Problem statement –
Everything in the listing should be set down exactly, apart from the pictures.

Records for this task –
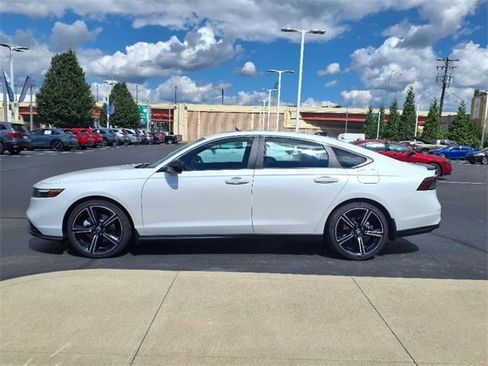 Used 2025 Honda Accord Sport image 8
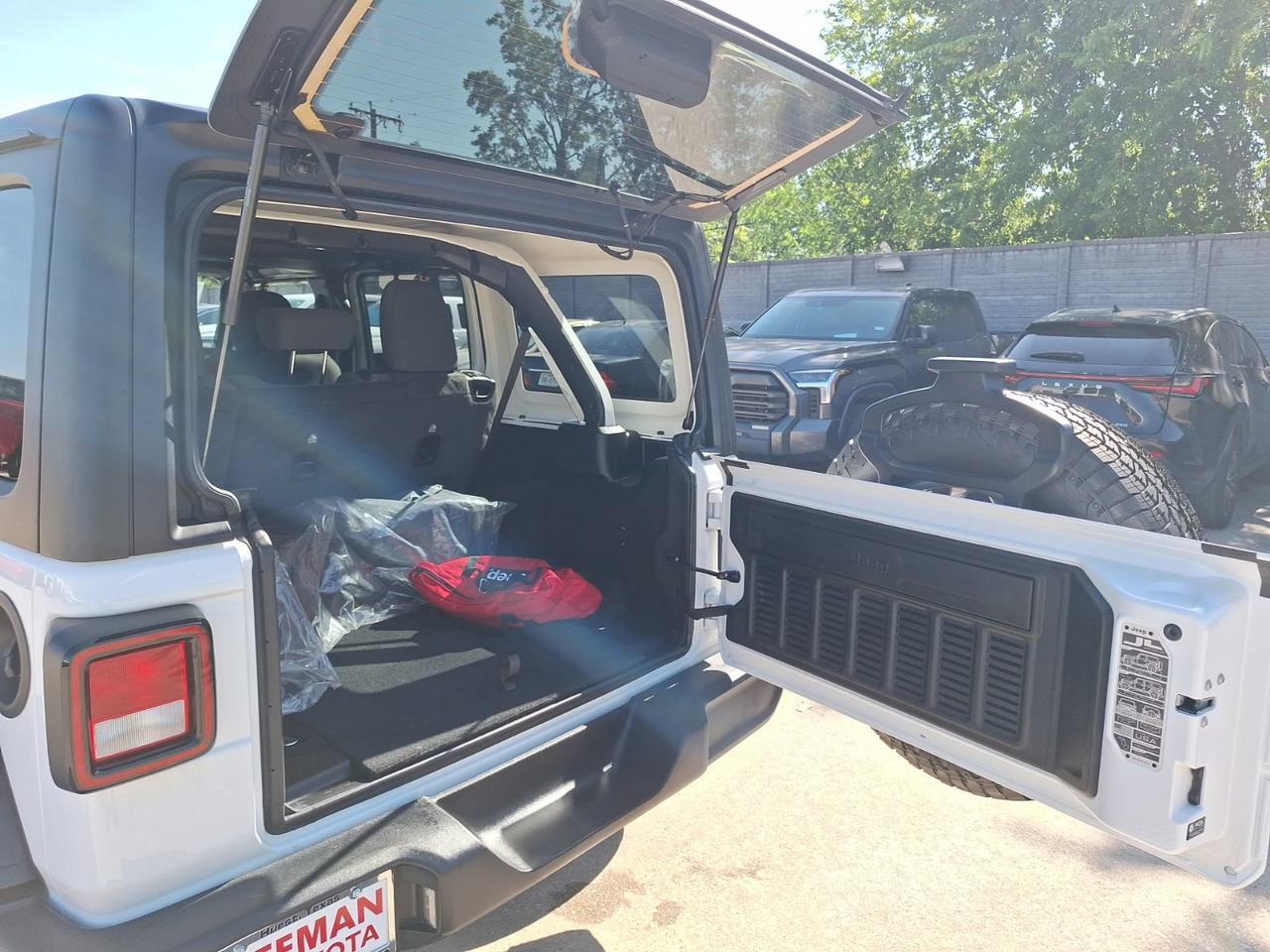 2024 Jeep Wrangler Sport S Hurst TX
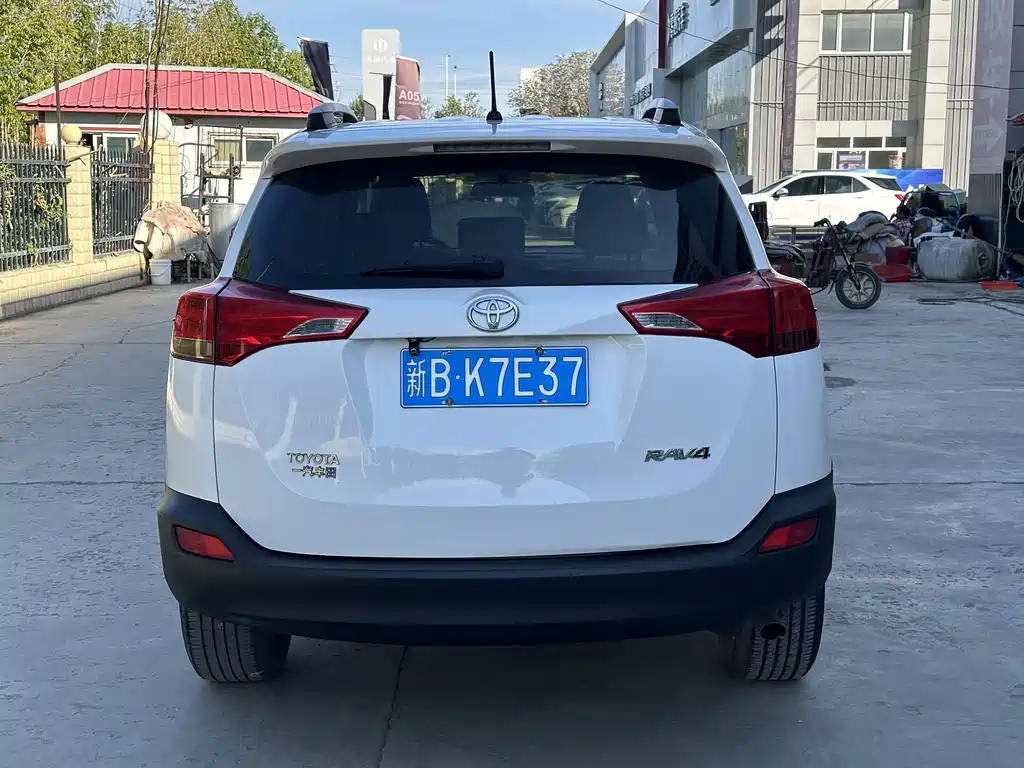Toyota RAV4 — миниатюра 8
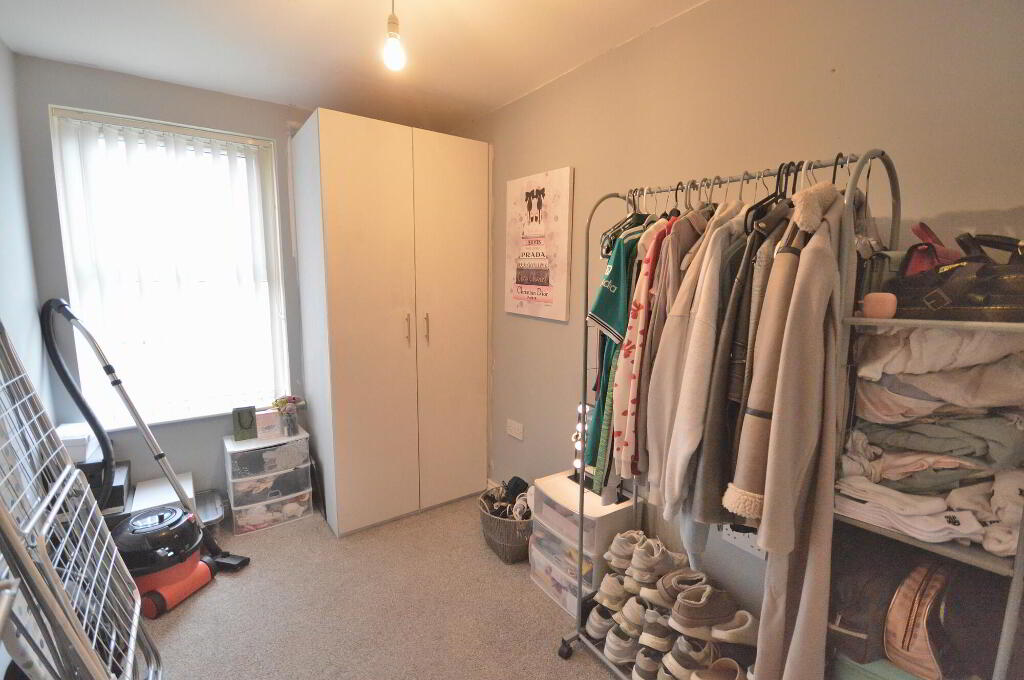 Photo 12 of 44 Linen Crescent, Bangor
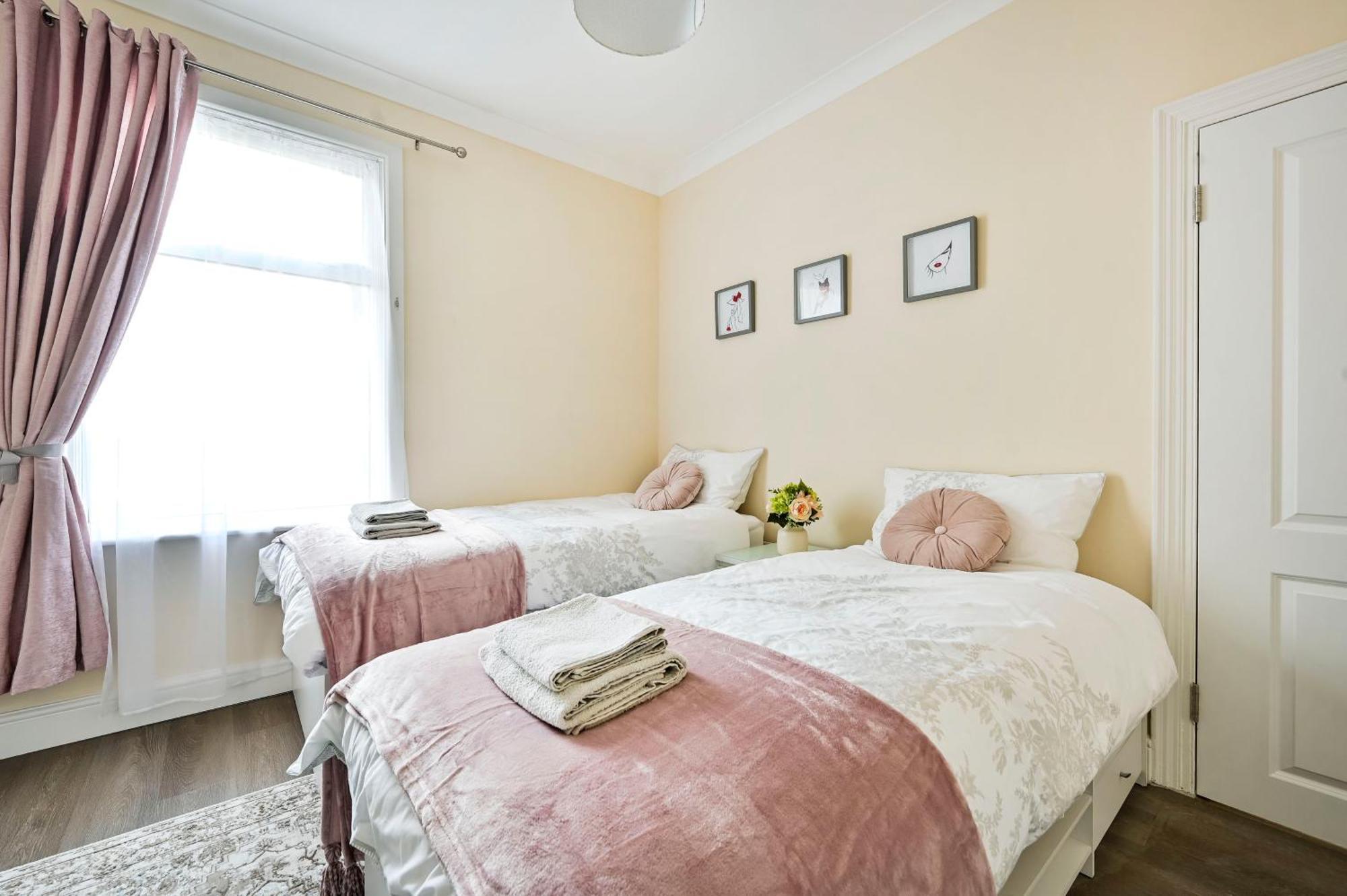 A Two Bedroom A Stride Away From Meridian Greenwich Londra Dış mekan fotoğraf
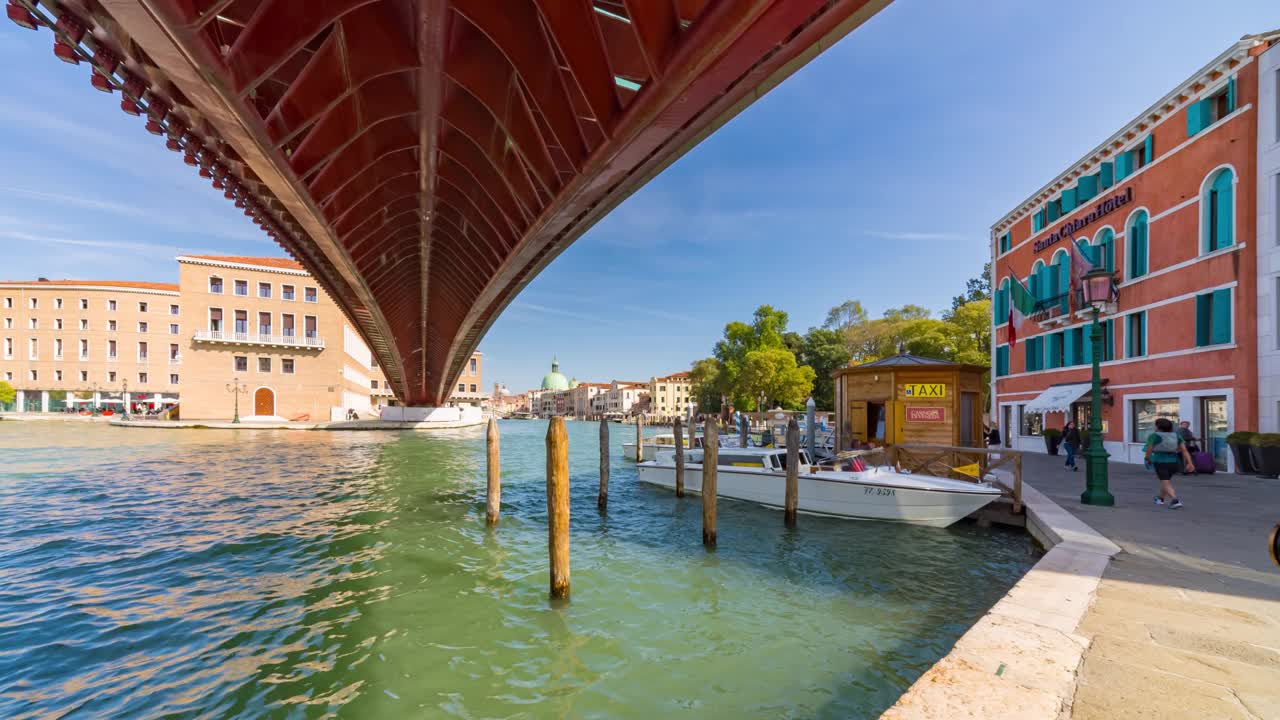 威尼斯宏伟的时间流逝:沿着历史滨水区的生活。威尼斯，意大利，欧洲。视频下载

Answer box –
 Used 2025 Honda Accord Sport image 8
 2024 Jeep Wrangler Sport S Hurst TX
Toyota RAV4 — миниатюра 8
 Photo 12 of 44 Linen Crescent, Bangor
 A Two Bedroom A Stride Away From Meridian Greenwich Londra Dış mekan fotoğraf
 威尼斯宏伟的时间流逝:沿着历史滨水区的生活。威尼斯，意大利，欧洲。视频下载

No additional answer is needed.